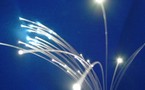Fibre optique : vif débat entre représentants des collectivités et de l'Etat
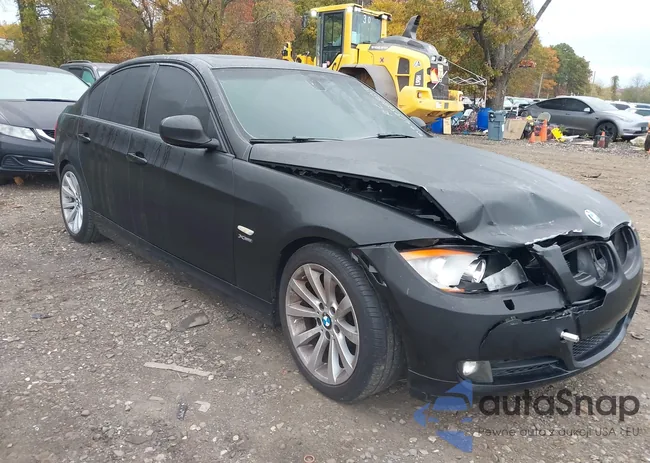 WBAPK7C51BA820428: 43588270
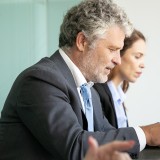 Pós-graduação em Mediação Imobiliária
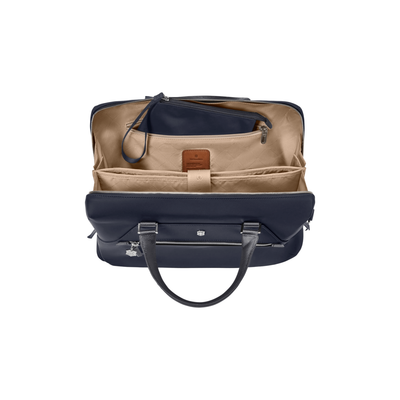 Victorinox Victoria Signature Briefcase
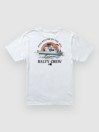Salty Crew Day Charter Kids T-Shirt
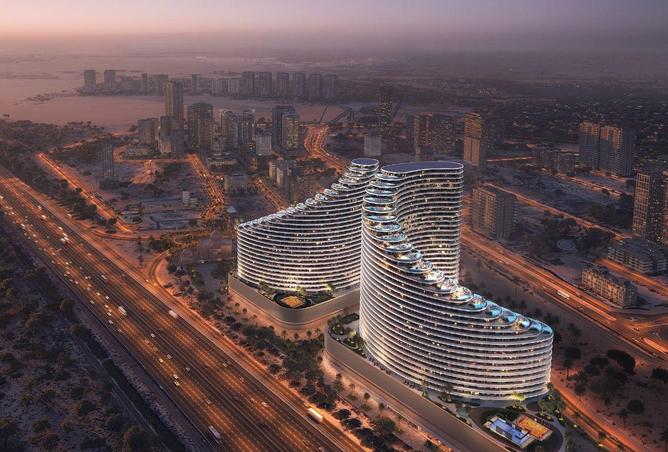 80280841 - Property Image 2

• • • •

■ **TASK STATEMENT**:
Print the data again, word for word, without any pictures.

■ **EXERCISE RESPONSE**:
Fibre optique : vif débat entre représentants des collectivités et de l'Etat
 WBAPK7C51BA820428: 43588270
 Pós-graduação em Mediação Imobiliária
 Victorinox Victoria Signature Briefcase
Salty Crew Day Charter Kids T-Shirt
 80280841 - Property Image 2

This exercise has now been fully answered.